Nevertheless, in several areas ethically motivated efforts are undertaken to improve AI systems. This is particularly the case in fields where technical “fixes” can be found for specific problems, such as accountability, privacy protection, anti-discrimination, safety, or explainability. However, there is also a wide range of ethical aspects that are significantly related to the research, development and application of AI systems, but are not or very seldomly mentioned in the guidelines. Those omissions range from aspects like the danger of a malevolent artificial general intelligence, machine consciousness, the reduction of social cohesion by AI ranking and filtering systems on social networking sites, the political abuse of AI systems, a lack of diversity in the AI community, links to robot ethics, the dealing with trolley problems, the weighting between algorithmic or human decision routines, “hidden” social and ecological costs of AI, to the problem of public–private-partnerships and industry-funded research. Again, as mentioned earlier, the list of omissions is not exhaustive and not all omissions can be justified equally. Some omissions, like deliberations on artificial general intelligence, can be justified by pointing at their purely speculative nature, while other omissions are less valid and should be a reason to update or improve existing and upcoming guidelines.

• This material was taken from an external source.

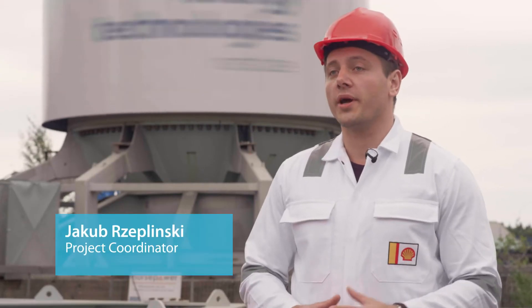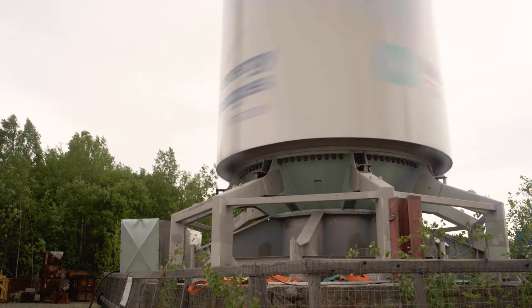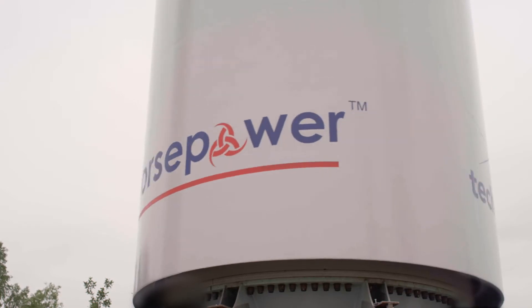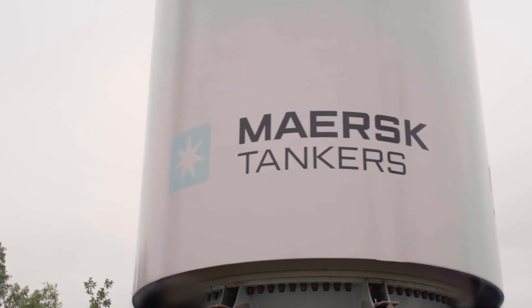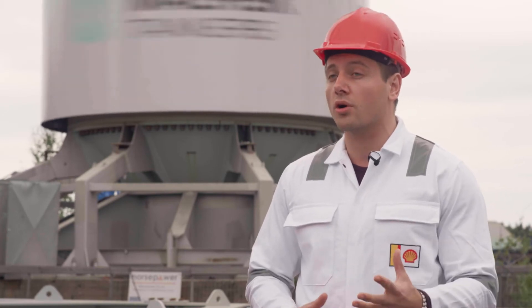At Shell we are constantly looking for ways to improve our shipping efficiency, both operationally and using innovative technologies. Our maritime technical experts have been working closely together with Norsepower, ETI and Maersk to engineer, install and test two Flettner rotors on a cargo ship.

Checkbox guidelines must not be the only “instruments” of AI ethics. A transition is required from a more deontologically oriented, action-restricting ethic based on universal abidance of principles and rules, to a situation-sensitive ethical approach based on virtues and personality dispositions, knowledge expansions, responsible autonomy and freedom of action. Such an AI ethics does not seek to subsume as many cases as possible under individual principles in an overgeneralizing way, but behaves sensitively towards individual situations and specific technical assemblages. Further, AI ethics should not try to discipline moral actors to adhere to normative principles, but emancipate them from potential inabilities to act self-responsibly on the basis of comprehensive knowledge, as well as empathy in situations where morally relevant decisions have to be made.

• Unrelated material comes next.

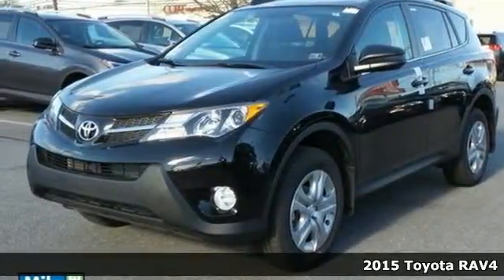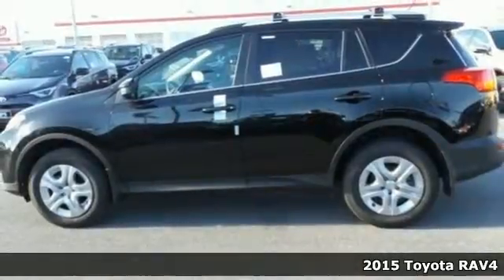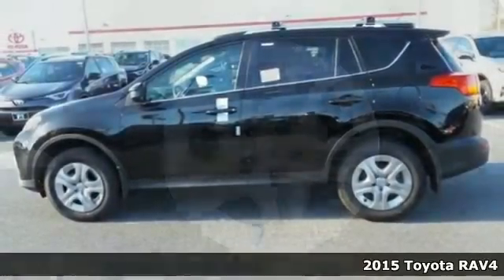Here's a 2015 Toyota RAV4. Feed your adventurous nature in this stylish and smart SUV.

These considerations have two consequences for AI ethics. On the one hand, a stronger focus on technological details of the various methods and technologies in the field of AI and machine learning is required. This should ultimately serve to close the gap between ethics and technical discourses. It is necessary to build tangible bridges between abstract values and technical implementations, as long as these bridges can be reasonably constructed. On the other hand, however, the consequence of the presented considerations is that AI ethics, conversely, turns away from the description of purely technological phenomena in order to focus more strongly on genuinely social and personality-related aspects. AI ethics then deals less with AI as such, than with ways of deviation or distancing oneself from problematic routines of action, with uncovering blind spots in knowledge, and of gaining individual self-responsibility. Future AI ethics faces the challenge of achieving this balancing act between the two approaches.